Stories about women – the way that they live, the roads that they take, and the strength that the possess are something that we love to watch. Women are complicated creatures, but the simple thing that binds us all? Well, that would be that women (most people really) want nothing more than to be loved.
In Starz’s latest television series – Three Women – the characters are being asked to share about their lives. The gist? Well, that would be that “writer Gia convinces three women to tell her their stories; entrepreneur Sloane, homemaker Lina, and student Maggie are on a crash course to radically overturn their lives.”
Three women and their stories take center stage in the show that has already aired in its entirety in Australia. It was shot for Showtime but is airing on Starz. The 10-episode series feels like a series of short stories wrapped into one long drawn-out book, but that’s not such a bad thing. Why? Because that’s the way life is. Sometimes it is drawn out. Sometimes it feels like a little bit of an overtelling.
Talking with star Betty Gilpin, we wanted to learn more about her character of Lina. It’s always interesting to hear how an actor describes their character.
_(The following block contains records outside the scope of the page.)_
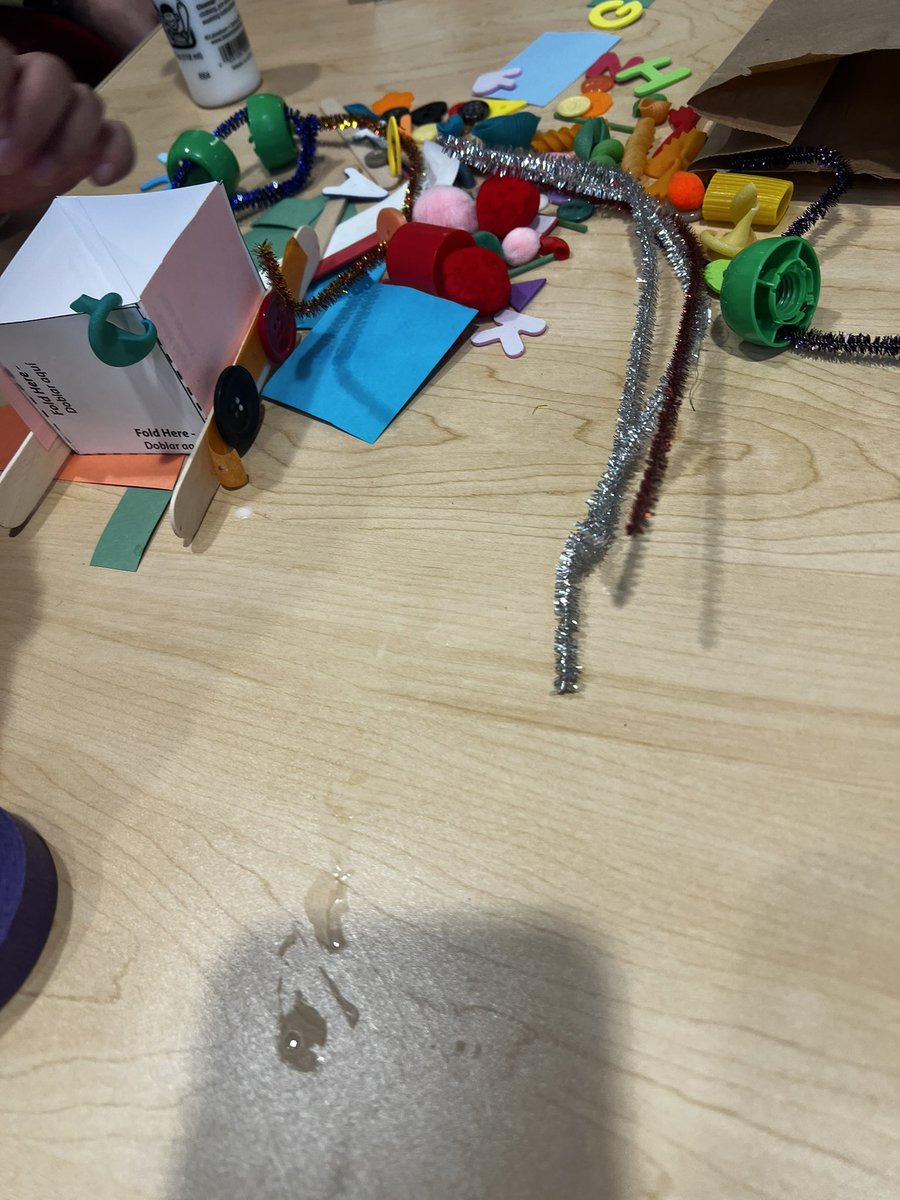UnseldLearns's tweet photo. Family Engagement Day was a success! Reading the story “Not A Box” and then students were able to create things that weren’t a box. Look at their creativity soar! Our scholars are the best! https://t.co/wB5aghIO5L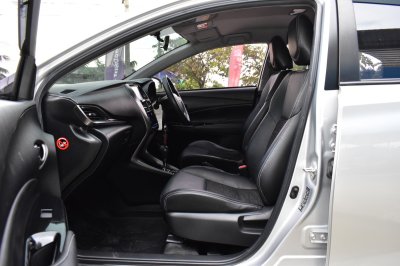 TOYOTA YARIS ATIV 1.2 sport AT YEAR 2020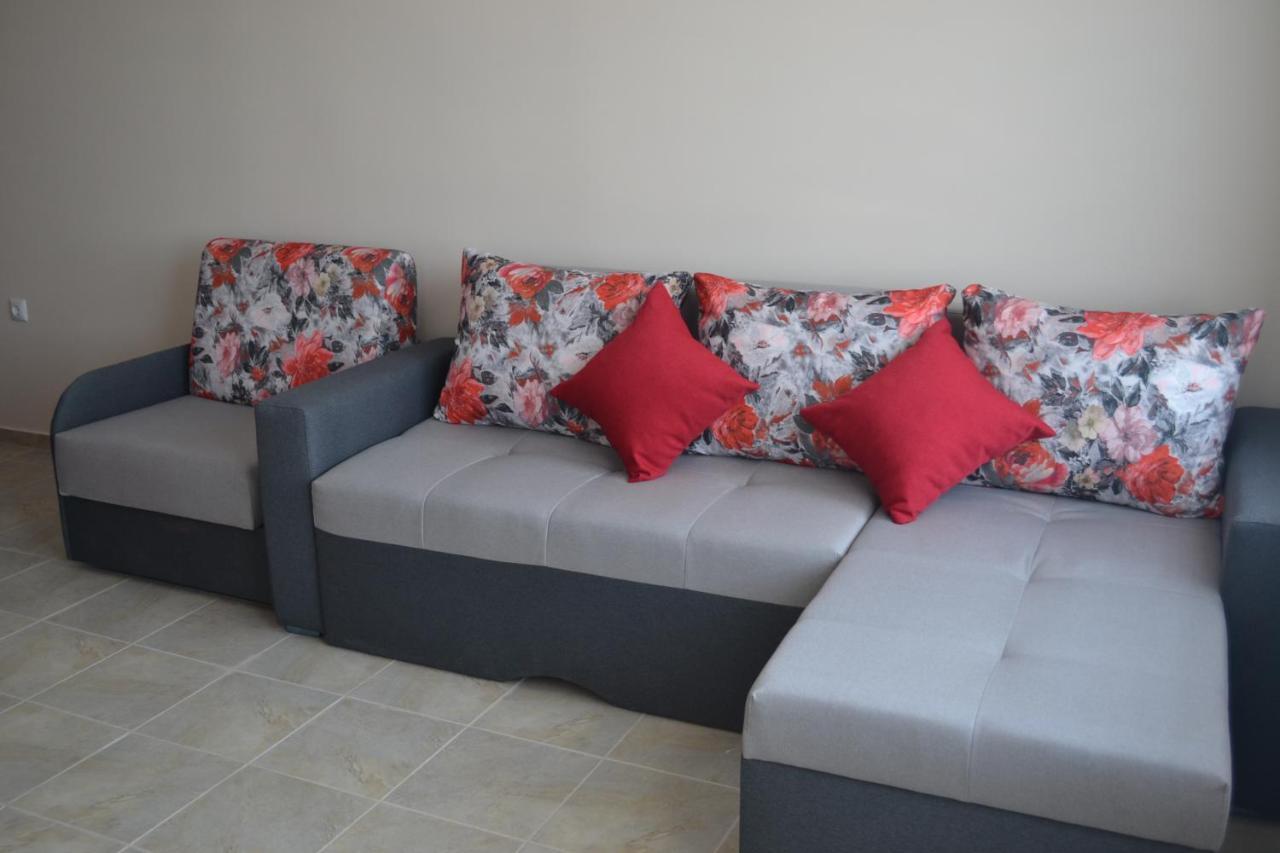Апартаменти Кастро/Castro Apartments تساريفو المظهر الخارجي الصورة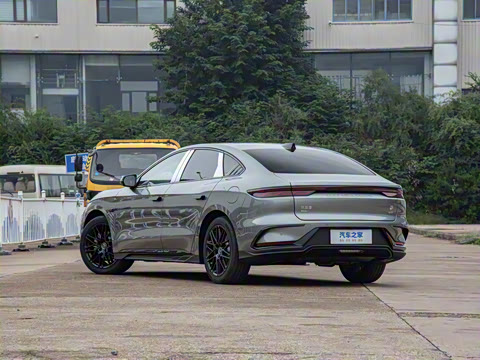 2025�� DM-i �Ǽݰ� 245KM������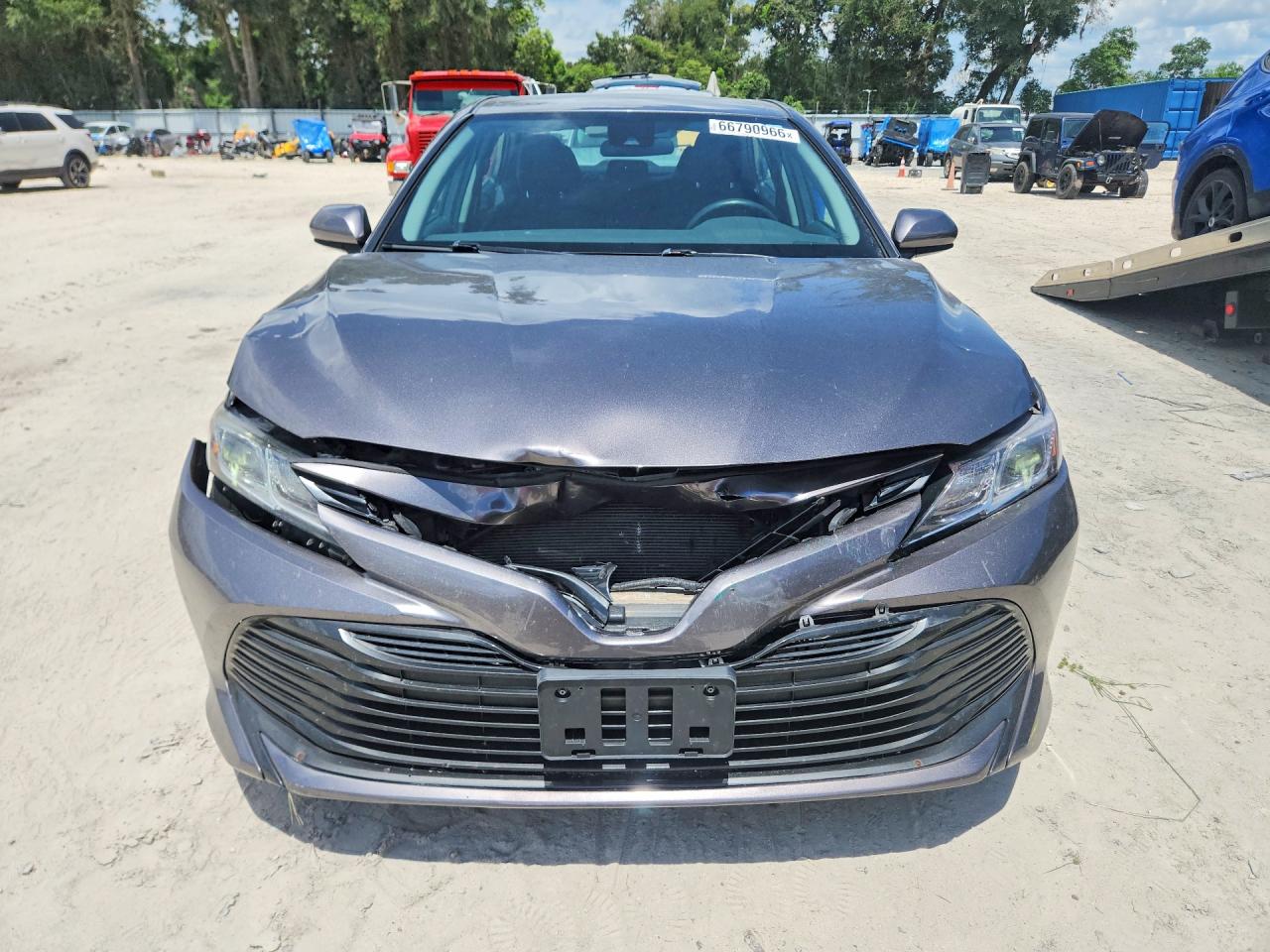 2019 TOYOTA CAMRY LE — снимка 5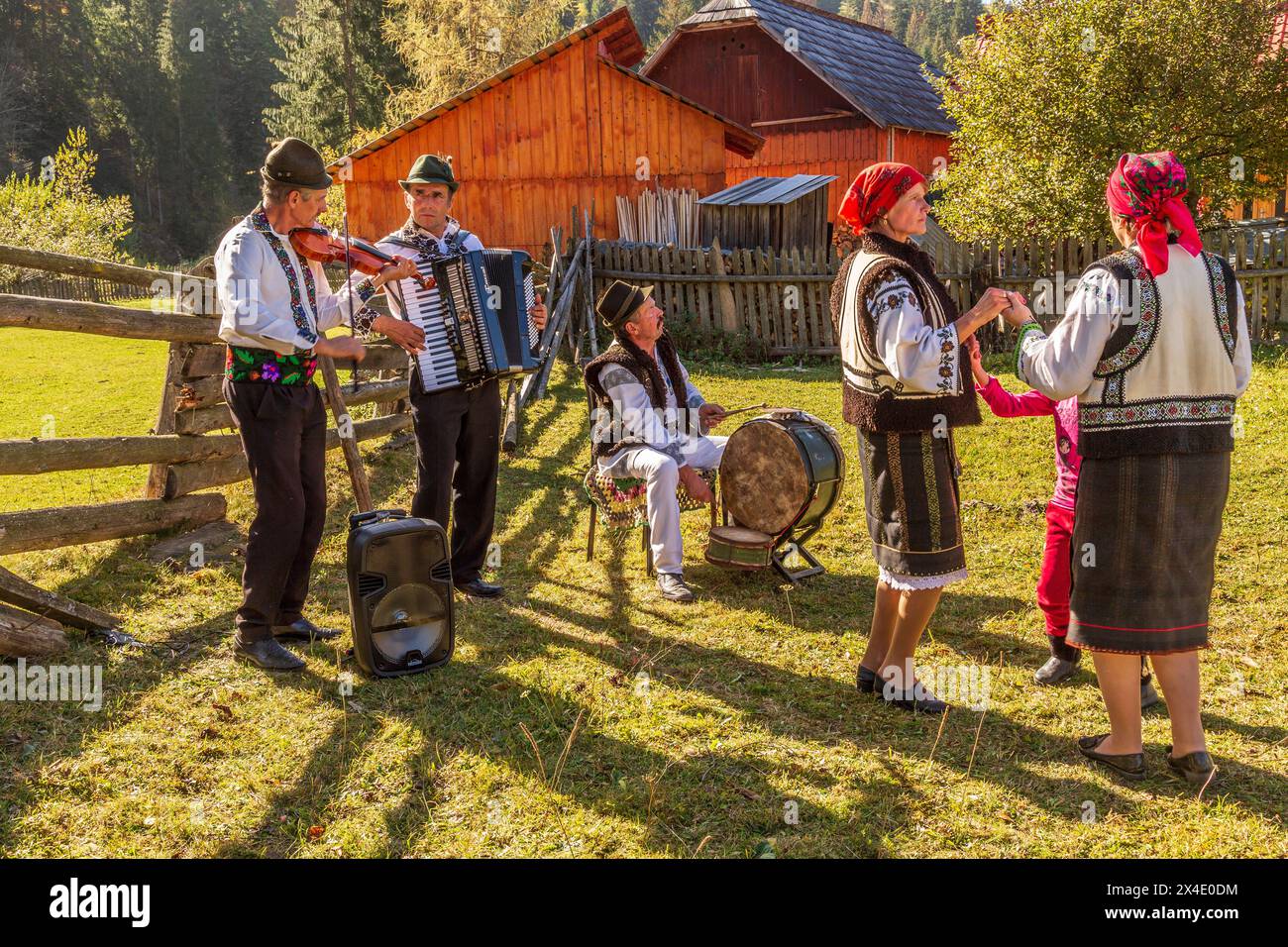 Romania, Moldovita, contea di Suceava. Musicisti popolari rumeni in abbigliamento tradizionale della zona. (Solo per uso editoriale) Foto Stock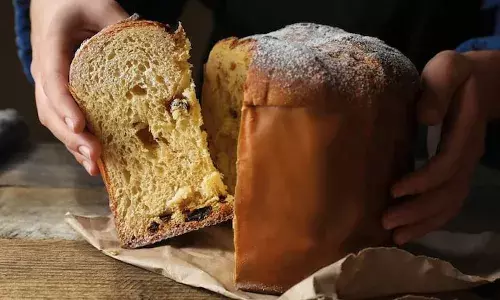 ഉള്‍ഭാഗം പഞ്ഞിപോലെ; കേക്ക് ഉണ്ടാക്കുന്നത ദിവസങ്ങള്‍ നീണ്ട് നില്‍ക്കുന്ന വിവിധ തരം പ്രക്രിയയിലൂടെ; ഓറഞ്ച്, സിട്രോണ്‍, നാരക തൊലി ചോക്ലേറ്റ് എന്നിവ പ്രധാന ചേരുവകള്‍; ചൂടുള്ള മധുര പാനീയങ്ങള്‍ക്കൊപ്പമോ വീഞ്ഞിനൊപ്പമോ വിളമ്പാം; ഇറ്റലിക്കാരുടെ സ്വന്തം പാനിറ്റോണി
“Lina is a woman who lives in suburban Indiana. She has two young kids, and we meet her at a point in her life where she’s had enough. She’s someone who desperately wants to be kissed and touched and celebrated, and her husband will not touch her, will not even kiss her. She realizes that they maybe have never even kissed ever. She decides I literally cannot live like this anymore or I will die and takes her life into her own hands and has an affair with her high school sweetheart. We watch her life both implode and soar at the same time.” she says when describing her character.
Like so many of us, Lina is just wanting to be loved and seen. Never having that in one’s life can leave anyone feeling lost and alone.
But because this is an adaptation of a book, one has to wonder if Gelpin is worried about the way that people will perceive her playing the role. Would fans of the book be able to resonate with Lina on screen as deeply as they did with the book?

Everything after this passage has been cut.